Web Scraping With R – Easier Than Python

[This article was first published on r – Better Data Science, and kindly contributed to R-bloggers]. (You can report issue about the content on this page here)
Want to share your content on R-bloggers? click here if you have a blog, or here if you don't.

A good dataset is difficult to find. That’s expected, but nothing to fear about. Techniques like web scraping enable us to fetch data from anywhere at any time – if you know how. Today we’ll explore just how easy it is to scrape web data with R and do so through R Shiny’s nice GUI interface.

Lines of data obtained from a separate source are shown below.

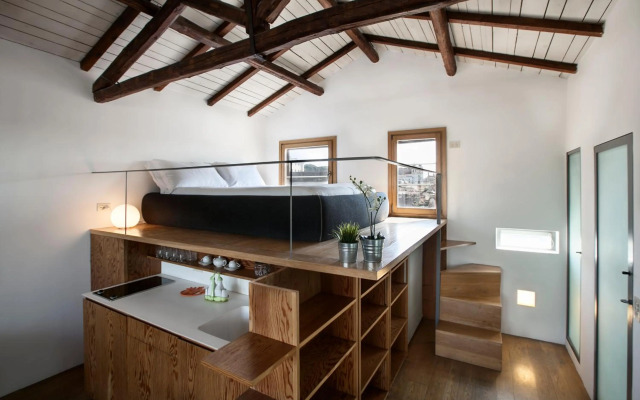 RomeAsYouLike - Babuino Sweet Loft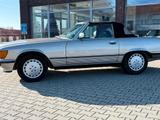 Mercedes-Benz SL 560 - Mercedes-Benz SL 560 von privat
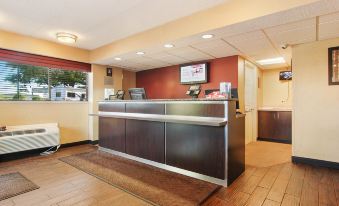 Red Roof Inn Canton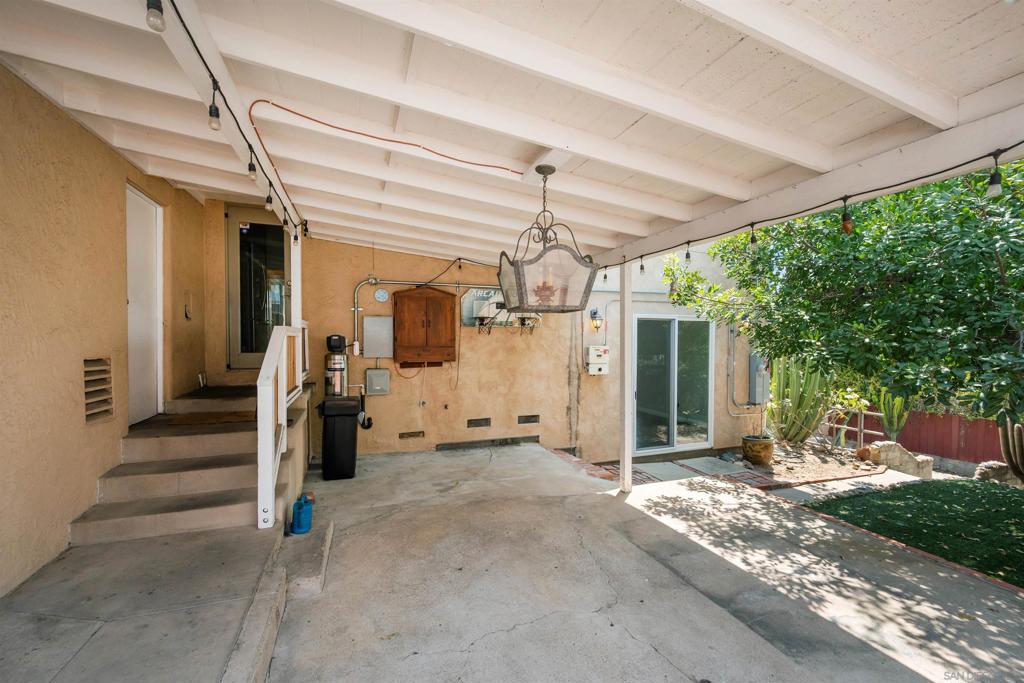 La Mesa - Residential Lease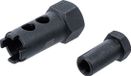 BGS diesel injectormoersleutel voor MAN 422 / 403 Mercedes-Benz / Scania - 74332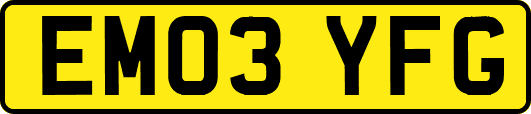 EM03YFG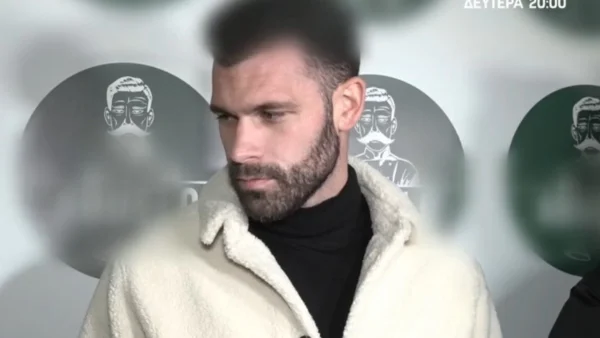 Στάθης Σχίζας: «Δεν πέταξα σπόντες! Ευθέως μίλησα» - Τα νέα "καρφιά" για Δαλάκα και Χατζηανδρέου περί Survivor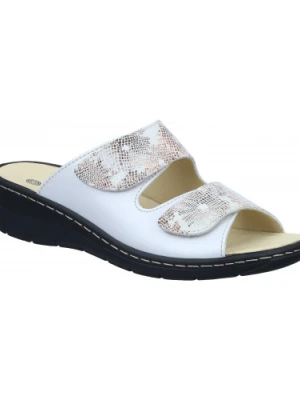 KLAPKI DR.BRINKMANN - 700722-03 WHITE Dr. Brinkmann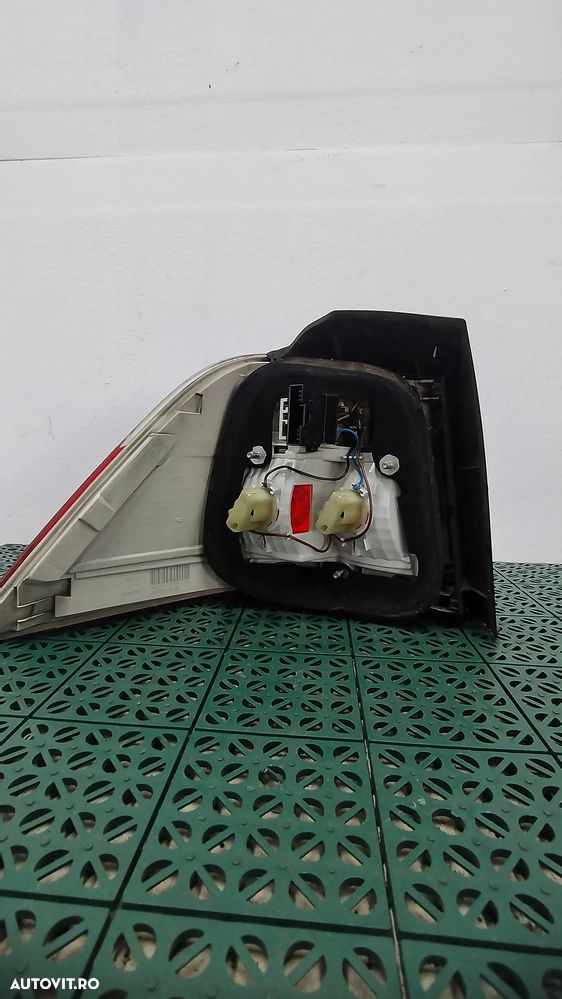 Stop dreapta (caroserie) BMW E61 Lci 2007-2010 7177694 - 3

So, what is web scraping? In a nutshell, it’s just a technique of gathering data from various websites. One might use it when:

  • There’s no dataset available for the needed analysis
  • There’s no public API available

Still, you should always check the site’s policy on web scraping, alongside with this article on Ethics in web scraping. After that, you should be able to use common sense to decide if scraping is worth it.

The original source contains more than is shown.